*ASSIGNMENT:* Of the entries below, repeat exactly only those lines from the one containing "a kitchen with" through the last line, with pictures omitted.

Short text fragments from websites
────

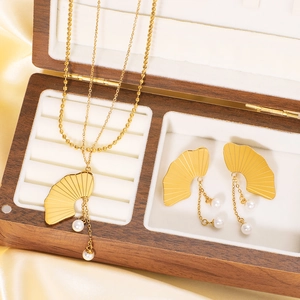 Elegant gold ginkgo leaf jewelry set with white pearls in a wooden display box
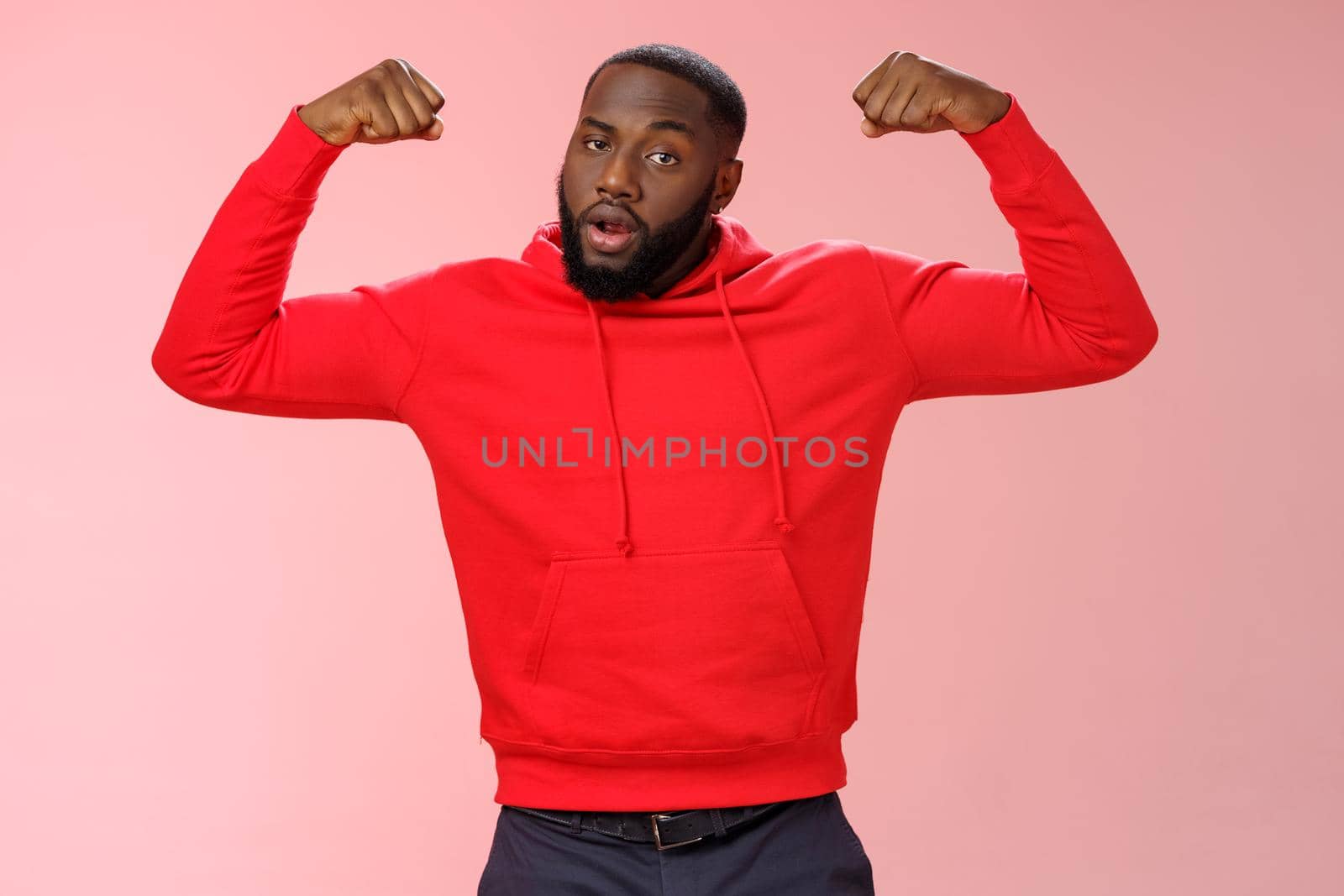 Strong cheeky serious-looking african american sportsman in red hoodie bragging showing-off raise hands excercising show big muscles biceps, standing confident pink background. Copy space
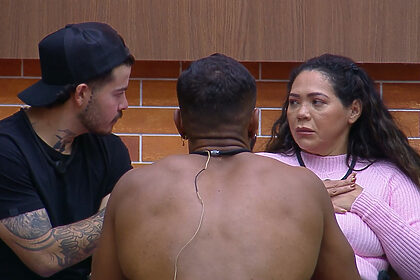 Darlin olha sério para Jottapê e Rikardo na sala de A Fazenda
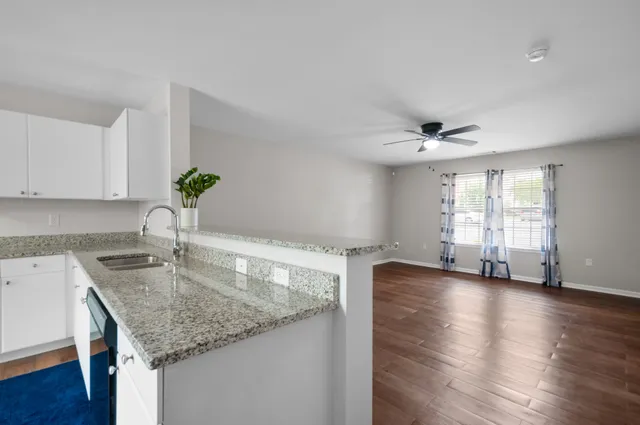 a kitchen with granite countertop a sink counter top space and cabinets
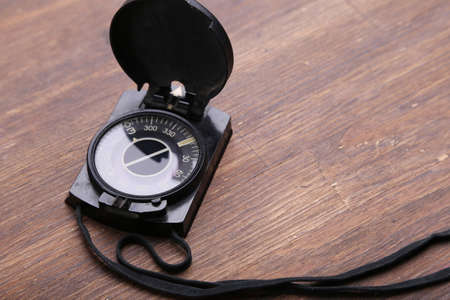 Compass on brown wooden table backgroundの写真素材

────

*ANSWER:*
 a kitchen with granite countertop a sink counter top space and cabinets
 Compass on brown wooden table backgroundの写真素材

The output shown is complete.